Rocket League is a game where you play soccer with cars. That's it. It's so simple in fact that you could be forgiven for thinking the game has no depth to it. But that's where you'd be wrong. You see, unlike Fifa, where you control an entire team of soccer players, in Rocket League you directly control one car. There are no predetermined button presses to pass, shoot for goal, or tackle.
The controls are deceptively simple, one button to throttle, one to brake, a boost, a jump, and a slide or drift button. Learning to control your car takes a moment, but learning to master the controls and make your car race around the arena is a matter of practice. From simple kicks by jumping and rotating your car a certain direction, to flying halfway across the field using boost and scoring a goal. It's not easy, but when it all comes together, skilled play in Rocket League is beautiful to behold. Take a look:
In single player, Rocket League offers an exhibition mode, where you play one off matches, a season mode, where you can play through a season with your team, and lastly training, where you can hone your skills. Honestly, single player in Rocket League is great to learn, but poor AI can sometimes leave you feeling angry, as it seems like your team mates don't adapt to what you are doing. They rarely set you up for shots, and when you set them up, they won't take them. I've actually seen AI players run the ball directly into their own goal, which is great when they are on the other team, but rage inducing when they are on your team.

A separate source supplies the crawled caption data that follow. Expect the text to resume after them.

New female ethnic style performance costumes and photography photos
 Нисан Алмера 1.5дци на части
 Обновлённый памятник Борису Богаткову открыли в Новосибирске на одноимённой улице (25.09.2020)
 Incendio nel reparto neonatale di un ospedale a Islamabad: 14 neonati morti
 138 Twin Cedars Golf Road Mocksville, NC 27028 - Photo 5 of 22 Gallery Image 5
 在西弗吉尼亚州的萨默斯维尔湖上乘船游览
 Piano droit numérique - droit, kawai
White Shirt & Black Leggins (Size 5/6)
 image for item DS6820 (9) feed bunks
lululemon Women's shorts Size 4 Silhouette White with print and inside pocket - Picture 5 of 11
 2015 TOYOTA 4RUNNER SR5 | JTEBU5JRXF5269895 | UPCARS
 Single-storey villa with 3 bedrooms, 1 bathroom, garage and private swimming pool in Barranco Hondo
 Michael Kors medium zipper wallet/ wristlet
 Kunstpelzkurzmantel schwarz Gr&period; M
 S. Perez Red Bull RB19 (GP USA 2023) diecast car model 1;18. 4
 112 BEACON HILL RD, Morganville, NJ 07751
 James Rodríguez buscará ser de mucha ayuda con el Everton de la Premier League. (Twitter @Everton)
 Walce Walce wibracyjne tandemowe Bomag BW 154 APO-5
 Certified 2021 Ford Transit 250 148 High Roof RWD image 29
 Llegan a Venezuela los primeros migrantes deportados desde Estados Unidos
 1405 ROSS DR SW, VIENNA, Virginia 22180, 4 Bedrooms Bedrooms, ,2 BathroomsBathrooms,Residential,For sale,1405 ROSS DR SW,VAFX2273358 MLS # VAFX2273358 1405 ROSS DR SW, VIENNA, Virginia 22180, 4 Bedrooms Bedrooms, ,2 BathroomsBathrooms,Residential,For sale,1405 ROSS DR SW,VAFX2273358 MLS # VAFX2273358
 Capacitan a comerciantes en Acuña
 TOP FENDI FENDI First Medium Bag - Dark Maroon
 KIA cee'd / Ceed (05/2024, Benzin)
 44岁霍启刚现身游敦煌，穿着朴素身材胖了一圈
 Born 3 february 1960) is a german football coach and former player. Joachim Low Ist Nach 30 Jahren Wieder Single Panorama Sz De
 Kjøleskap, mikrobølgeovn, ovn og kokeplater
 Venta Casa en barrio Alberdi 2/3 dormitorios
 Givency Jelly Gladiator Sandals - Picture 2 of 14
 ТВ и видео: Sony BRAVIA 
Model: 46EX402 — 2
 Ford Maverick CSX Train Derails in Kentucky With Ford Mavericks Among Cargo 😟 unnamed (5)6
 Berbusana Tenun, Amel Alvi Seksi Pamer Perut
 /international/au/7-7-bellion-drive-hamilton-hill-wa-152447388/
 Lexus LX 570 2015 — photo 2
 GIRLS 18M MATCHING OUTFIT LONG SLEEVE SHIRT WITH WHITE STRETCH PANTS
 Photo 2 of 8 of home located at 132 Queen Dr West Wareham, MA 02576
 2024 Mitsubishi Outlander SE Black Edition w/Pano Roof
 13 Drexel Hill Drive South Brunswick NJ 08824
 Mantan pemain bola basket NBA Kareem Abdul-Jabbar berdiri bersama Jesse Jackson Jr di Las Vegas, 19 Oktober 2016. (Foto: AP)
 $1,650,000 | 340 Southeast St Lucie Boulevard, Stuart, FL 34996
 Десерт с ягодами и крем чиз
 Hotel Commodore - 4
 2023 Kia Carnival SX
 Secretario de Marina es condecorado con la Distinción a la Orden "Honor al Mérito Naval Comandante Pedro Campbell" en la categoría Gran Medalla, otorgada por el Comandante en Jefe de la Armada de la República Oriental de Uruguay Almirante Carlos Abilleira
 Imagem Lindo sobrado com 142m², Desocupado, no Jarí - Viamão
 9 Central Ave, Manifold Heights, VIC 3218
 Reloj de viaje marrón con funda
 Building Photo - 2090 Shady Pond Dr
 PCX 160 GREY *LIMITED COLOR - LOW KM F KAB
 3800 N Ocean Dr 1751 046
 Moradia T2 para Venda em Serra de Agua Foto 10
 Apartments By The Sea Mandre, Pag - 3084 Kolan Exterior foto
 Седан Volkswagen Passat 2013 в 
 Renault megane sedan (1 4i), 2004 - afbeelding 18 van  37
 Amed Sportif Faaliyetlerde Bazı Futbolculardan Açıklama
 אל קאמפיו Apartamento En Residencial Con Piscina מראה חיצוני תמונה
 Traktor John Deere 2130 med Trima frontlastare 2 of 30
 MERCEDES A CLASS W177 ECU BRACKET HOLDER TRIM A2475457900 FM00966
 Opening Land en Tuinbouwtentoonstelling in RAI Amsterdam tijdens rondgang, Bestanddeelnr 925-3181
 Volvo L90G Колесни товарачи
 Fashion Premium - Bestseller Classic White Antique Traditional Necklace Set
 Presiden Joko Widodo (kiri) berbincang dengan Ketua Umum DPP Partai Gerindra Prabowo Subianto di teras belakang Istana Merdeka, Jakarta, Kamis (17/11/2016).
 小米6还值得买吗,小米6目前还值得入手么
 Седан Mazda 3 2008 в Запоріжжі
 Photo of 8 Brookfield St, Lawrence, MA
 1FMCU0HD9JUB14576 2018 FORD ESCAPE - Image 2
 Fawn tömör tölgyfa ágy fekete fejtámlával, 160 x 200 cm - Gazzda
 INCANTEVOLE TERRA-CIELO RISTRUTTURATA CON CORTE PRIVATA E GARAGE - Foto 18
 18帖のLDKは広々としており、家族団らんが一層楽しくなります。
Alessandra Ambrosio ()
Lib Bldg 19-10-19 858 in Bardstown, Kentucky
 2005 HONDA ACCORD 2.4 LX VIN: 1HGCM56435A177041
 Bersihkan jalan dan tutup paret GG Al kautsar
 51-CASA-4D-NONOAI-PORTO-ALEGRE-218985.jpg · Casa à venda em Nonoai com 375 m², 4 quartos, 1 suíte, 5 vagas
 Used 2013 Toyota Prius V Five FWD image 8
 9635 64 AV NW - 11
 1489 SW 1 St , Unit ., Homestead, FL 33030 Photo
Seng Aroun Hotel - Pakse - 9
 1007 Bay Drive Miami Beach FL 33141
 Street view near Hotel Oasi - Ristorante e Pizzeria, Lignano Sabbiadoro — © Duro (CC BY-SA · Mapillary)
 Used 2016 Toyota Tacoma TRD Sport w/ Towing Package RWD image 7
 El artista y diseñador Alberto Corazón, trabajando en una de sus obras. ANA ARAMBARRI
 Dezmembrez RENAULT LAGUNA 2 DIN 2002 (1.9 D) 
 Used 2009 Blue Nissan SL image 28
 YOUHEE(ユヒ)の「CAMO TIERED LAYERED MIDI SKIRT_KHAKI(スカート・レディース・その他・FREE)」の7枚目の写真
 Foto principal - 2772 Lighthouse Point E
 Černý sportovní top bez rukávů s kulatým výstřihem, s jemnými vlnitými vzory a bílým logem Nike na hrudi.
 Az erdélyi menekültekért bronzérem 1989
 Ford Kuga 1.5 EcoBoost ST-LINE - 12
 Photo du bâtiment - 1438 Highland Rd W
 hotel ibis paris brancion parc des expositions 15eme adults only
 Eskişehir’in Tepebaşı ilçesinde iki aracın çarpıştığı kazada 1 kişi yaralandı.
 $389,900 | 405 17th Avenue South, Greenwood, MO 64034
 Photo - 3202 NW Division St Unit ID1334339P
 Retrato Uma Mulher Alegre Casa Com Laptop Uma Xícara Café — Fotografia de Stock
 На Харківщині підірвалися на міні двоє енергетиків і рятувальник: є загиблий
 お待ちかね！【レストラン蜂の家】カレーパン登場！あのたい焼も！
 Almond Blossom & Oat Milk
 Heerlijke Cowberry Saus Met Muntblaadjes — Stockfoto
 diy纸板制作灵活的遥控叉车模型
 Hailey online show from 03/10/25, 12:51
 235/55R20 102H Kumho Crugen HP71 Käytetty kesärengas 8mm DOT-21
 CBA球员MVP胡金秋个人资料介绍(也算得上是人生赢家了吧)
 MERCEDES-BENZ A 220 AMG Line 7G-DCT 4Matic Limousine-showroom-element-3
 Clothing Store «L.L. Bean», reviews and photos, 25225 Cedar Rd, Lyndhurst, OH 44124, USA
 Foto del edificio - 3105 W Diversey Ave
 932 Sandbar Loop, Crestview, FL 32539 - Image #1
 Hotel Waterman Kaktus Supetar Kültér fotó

Where Rocket League shines however is in multiplayer. Playing with friends online, especially while on some form of voice chat is some of the best fun I've had in some time. The closest way I can describe it is like playing Super Smash Bros on a couch. The game is simple enough that literally anyone can pick it up and play, so you can get people who normally wouldn't be interested in that kind of game to play as well.
Something else I am extremely impressed with is the business model that the developers have decided to go with. They release updates that contain maps for free, meaning that the player base isn't split by updates, and then DLC packs with new cars, and cosmetic upgrades. At this stage, the cars all handle fairly similarly, with bigger cars having a slightly larger hitbox making for great defenders, and smaller cars having a flatter hitbox, meaning you can aim shots a little easier for better attack, so even the DLC cars have no advantages besides looking cool.
In fact, Rocket League is so good that the one criticism I have with the game is a minor one that I'm sure they already have plans to change. The maps in Rocket League are literally all the same. They look different visually, but the same basic layout is used. While I understand the reasoning behind this, especially with how the game is being treated competitively, I feel a mode with more varied maps for more casual players would definitely increase the fun factor of the game. I also highly recommend a controller for the game. It's playable with a keyboard and mouse, but feels right at home on a controller.
For a $20 game that you could be excused for not knowing anything about before release, Rocket League has really taken a hold among the gaming community. And it's no wonder. Rocket League is just a good, maybe even great, game. I know I keep saying this, but it really is beautiful in its simplicity, and addictive in its challenge. I highly recommend it.